> Aim of the task: Reproduce the opening lines of the records exactly, please, stopping after the line that contains "neonpink von WEDZE".
*** Opening of Dataset entries ***
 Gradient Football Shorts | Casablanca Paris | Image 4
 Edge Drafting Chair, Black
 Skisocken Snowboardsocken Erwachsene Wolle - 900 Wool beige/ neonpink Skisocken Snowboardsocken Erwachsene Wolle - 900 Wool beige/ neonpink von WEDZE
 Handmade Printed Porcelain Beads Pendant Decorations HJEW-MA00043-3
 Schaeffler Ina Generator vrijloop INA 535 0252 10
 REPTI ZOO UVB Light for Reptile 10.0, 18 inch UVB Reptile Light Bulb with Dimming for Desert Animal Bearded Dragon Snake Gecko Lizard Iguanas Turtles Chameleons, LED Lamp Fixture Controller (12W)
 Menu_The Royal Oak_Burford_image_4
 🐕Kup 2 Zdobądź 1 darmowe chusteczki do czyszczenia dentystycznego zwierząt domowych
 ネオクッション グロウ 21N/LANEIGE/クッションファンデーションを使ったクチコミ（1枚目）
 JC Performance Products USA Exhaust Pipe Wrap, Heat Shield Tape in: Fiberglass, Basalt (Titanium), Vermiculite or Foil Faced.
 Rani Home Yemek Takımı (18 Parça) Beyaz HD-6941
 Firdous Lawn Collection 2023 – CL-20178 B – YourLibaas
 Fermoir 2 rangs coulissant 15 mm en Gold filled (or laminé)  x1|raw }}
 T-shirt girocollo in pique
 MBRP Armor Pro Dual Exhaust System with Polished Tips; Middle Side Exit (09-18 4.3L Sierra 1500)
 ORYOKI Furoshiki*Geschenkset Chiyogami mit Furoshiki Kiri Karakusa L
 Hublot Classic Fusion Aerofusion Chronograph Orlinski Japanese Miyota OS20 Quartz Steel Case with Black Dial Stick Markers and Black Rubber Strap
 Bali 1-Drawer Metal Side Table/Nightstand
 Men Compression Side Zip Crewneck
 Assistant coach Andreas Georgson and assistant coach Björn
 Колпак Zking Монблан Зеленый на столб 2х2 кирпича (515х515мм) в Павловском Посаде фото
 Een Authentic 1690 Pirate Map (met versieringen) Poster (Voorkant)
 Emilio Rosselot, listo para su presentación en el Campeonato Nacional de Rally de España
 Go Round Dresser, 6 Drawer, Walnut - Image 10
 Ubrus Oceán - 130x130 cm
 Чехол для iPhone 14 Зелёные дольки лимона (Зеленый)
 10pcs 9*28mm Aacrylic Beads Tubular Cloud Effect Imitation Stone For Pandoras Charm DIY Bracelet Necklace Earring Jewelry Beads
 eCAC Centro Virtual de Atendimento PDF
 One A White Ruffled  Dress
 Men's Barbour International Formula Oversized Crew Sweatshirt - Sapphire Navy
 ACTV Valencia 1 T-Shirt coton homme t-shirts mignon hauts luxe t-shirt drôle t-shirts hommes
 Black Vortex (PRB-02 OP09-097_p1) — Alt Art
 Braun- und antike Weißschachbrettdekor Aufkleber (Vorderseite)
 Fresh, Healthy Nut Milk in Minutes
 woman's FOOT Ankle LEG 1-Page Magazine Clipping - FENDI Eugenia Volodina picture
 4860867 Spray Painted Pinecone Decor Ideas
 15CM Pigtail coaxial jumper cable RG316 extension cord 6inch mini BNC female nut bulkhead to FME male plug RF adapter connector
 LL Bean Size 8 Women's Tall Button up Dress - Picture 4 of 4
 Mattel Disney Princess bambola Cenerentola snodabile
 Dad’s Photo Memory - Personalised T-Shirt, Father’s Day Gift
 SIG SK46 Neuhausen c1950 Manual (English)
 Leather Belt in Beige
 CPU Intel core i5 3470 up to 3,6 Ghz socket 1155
*** Close of Dataset entries ***
> Reply to the task:
 Gradient Football Shorts | Casablanca Paris | Image 4
 Edge Drafting Chair, Black
 Skisocken Snowboardsocken Erwachsene Wolle - 900 Wool beige/ neonpink Skisocken Snowboardsocken Erwachsene Wolle - 900 Wool beige/ neonpink von WEDZE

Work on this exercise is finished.